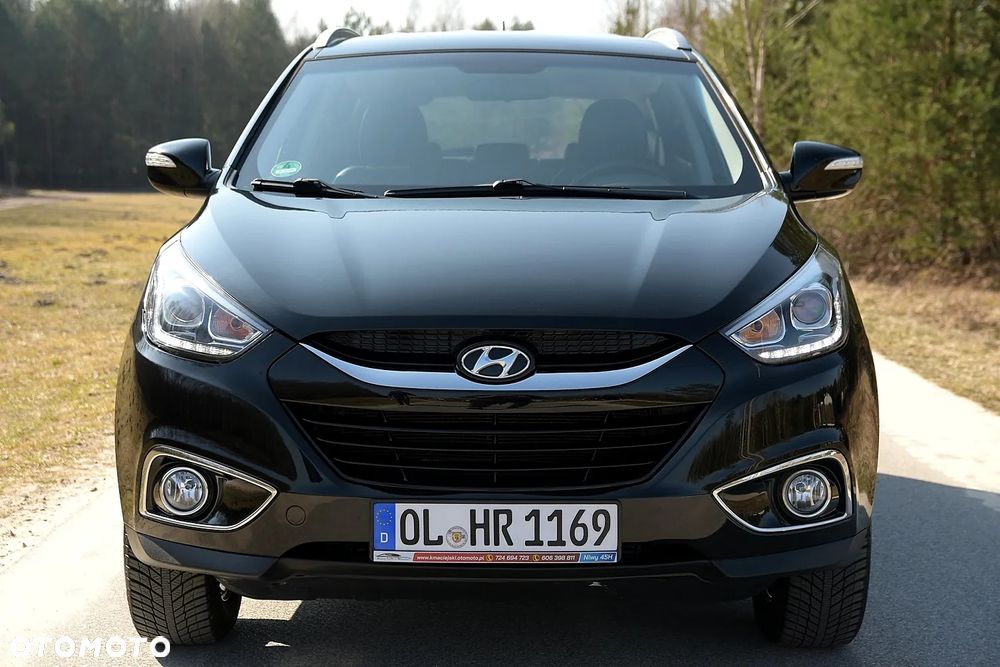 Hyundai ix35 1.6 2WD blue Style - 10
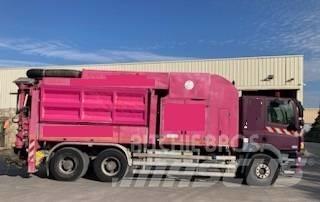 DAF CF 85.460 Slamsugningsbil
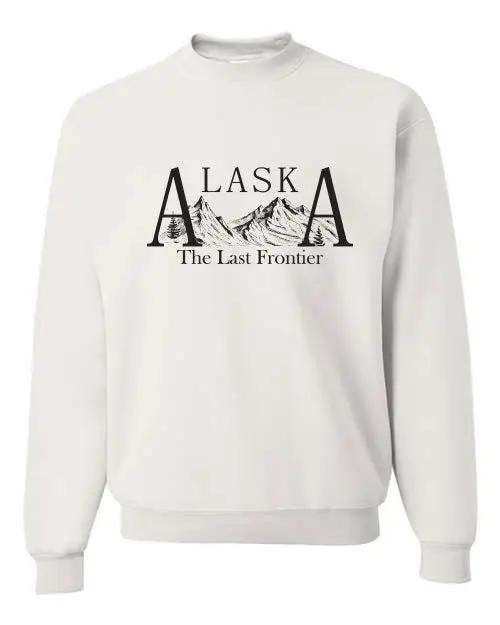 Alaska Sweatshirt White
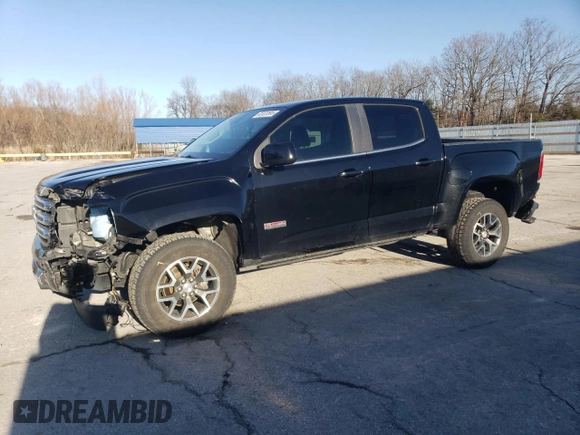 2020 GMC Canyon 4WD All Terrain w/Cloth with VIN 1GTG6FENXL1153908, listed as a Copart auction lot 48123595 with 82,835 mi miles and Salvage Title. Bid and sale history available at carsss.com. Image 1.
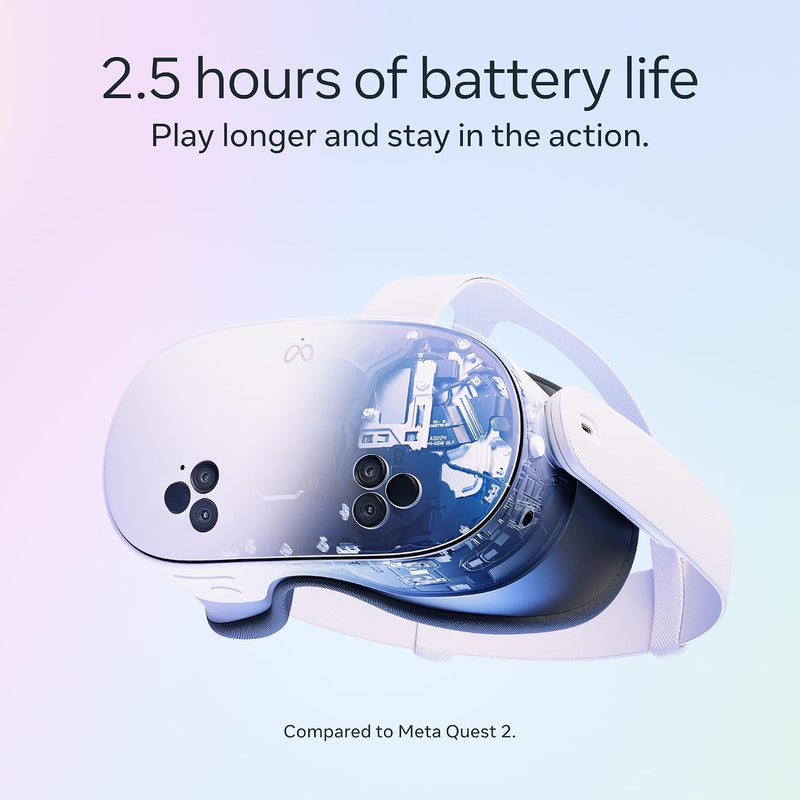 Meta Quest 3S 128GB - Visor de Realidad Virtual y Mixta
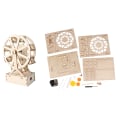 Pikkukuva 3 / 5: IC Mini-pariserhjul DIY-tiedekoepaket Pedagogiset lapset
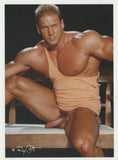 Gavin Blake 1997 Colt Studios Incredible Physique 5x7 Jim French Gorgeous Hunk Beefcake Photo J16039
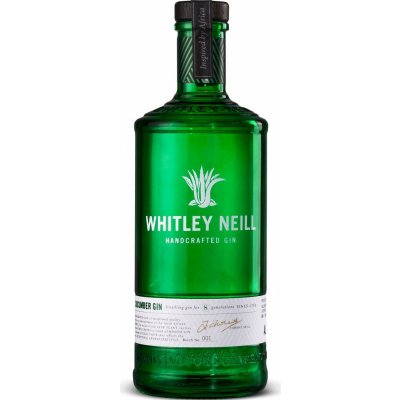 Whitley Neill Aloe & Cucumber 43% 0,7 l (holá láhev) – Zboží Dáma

* * *

WHAT TO PRODUCE: Each line from the start of the entries above through the line with "Meta Quest 3S" should be duplicated exactly, leaving out the pictures.

EXPECTED OUTPUT:
 Hyundai ix35 1.6 2WD blue Style - 10
 DAF CF 85.460 Slamsugningsbil
 Alaska Sweatshirt White
 2020 GMC Canyon 4WD All Terrain w/Cloth with VIN 1GTG6FENXL1153908, listed as a Copart auction lot 48123595 with 82,835 mi miles and Salvage Title. Bid and sale history available at carsss.com. Image 1.
 Meta Quest 3S 128GB - Visor de Realidad Virtual y Mixta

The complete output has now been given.